AMSTERDAM - Van de allochtone bevolkingsgroepen in Amsterdam scoren Antillianen qua criminaliteit het hoogst en Turken het laagst. Het zijn vooral jongens en jongvolwassenen die strafbare feiten plegen.
Volgens een criminologisch onderzoek, gepubliceerd in het Tijdschrift voor Criminologie, verschilt de aard en omvang van criminaliteit onder Surinaamse, Marokkaanse, Turkse en Antilliaanse Amsterdammers sterk per etnische groepering.
Antillianen vormen de kleinste van de vier etnische groepen, maar vertonen het vaakst crimineel gedrag, vooral op het gebied van overval en roof. Onder hen zijn, in vergelijking met de drie andere groepen, meer volwassenen en meer vrouwen.
Surinamers, de grootste allochtone groep in Amsterdam, staan qua criminaliteit op de tweede plaats, vooral door drugsdelicten en kleine criminaliteit. De drugsdelicten worden vaak gepleegd door verslaafde dertigers en veertigers, waaronder relatief meer vrouwen.
Marokkanen vormden de derde groep in omvang, maar staan bovenaan wat betreft kleine criminaliteit (diefstal, inbraak, zakkenrollerij, tasjesroof). Zij scoren ook hoog bij de brede categorie geweldsdelicten.
Turken scoren het laagst wat betreft alle aanhoudingen en afzonderlijke delicten. Bij hen komt jeugdcriminaliteit minder voor dan onder de andere drie groeperingen. De Amsterdamse onderzoekscijfers weerspreken ook dat moord en doodslag in verband met afrekeningen in het drugscircuit en eer- en bloedwraak bij Turken vaker zou voorkomen.

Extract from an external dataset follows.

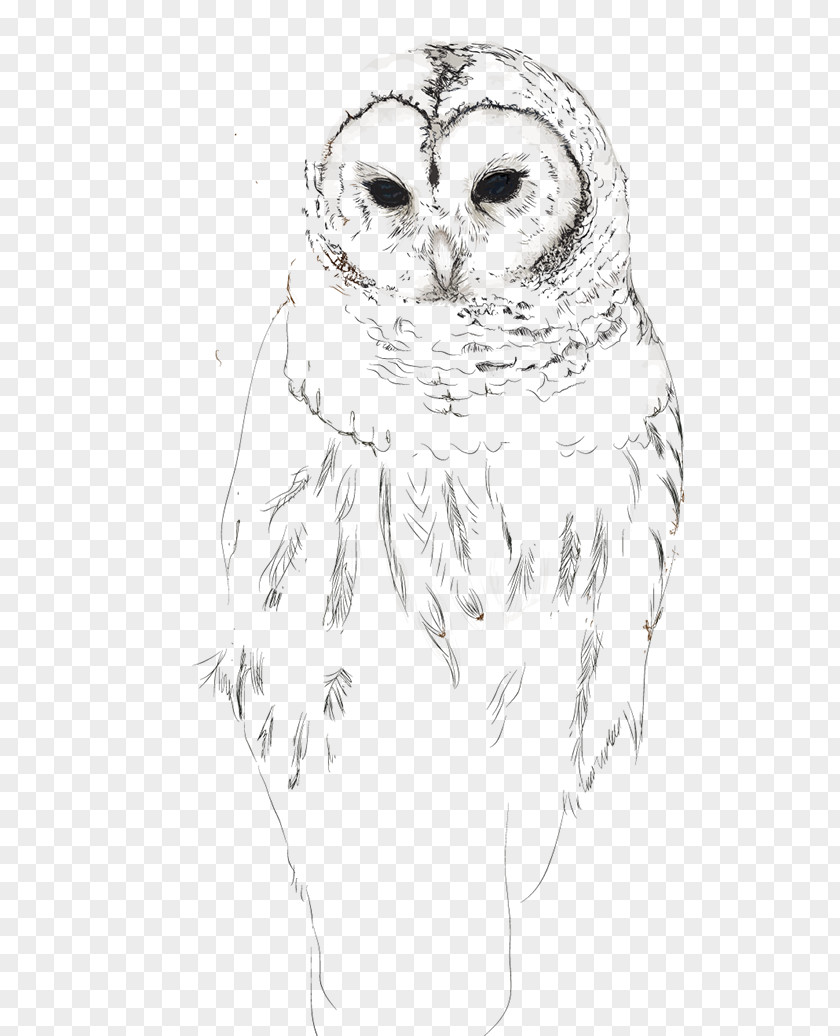 Owl Beak Bird Sketch PNG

De lage criminaliteitscijfers onder Turken is volgens de onderzoekers te verklaren uit hun sterke onderlinge sociale bindingen en sociale controle, terwijl het plegen van vermogensdelicten in deze groep juist als een schande wordt ervaren.
Het onderzoek is gebaseerd op cijfers van de Amsterdamse politie over aanhoudingen onder allochtonen. De auteurs maken geen vergelijking met autochtone Amsterdammers, maar stellen dat allochtone jongeren in criminaliteitscijfers oververtegenwoordigd zijn.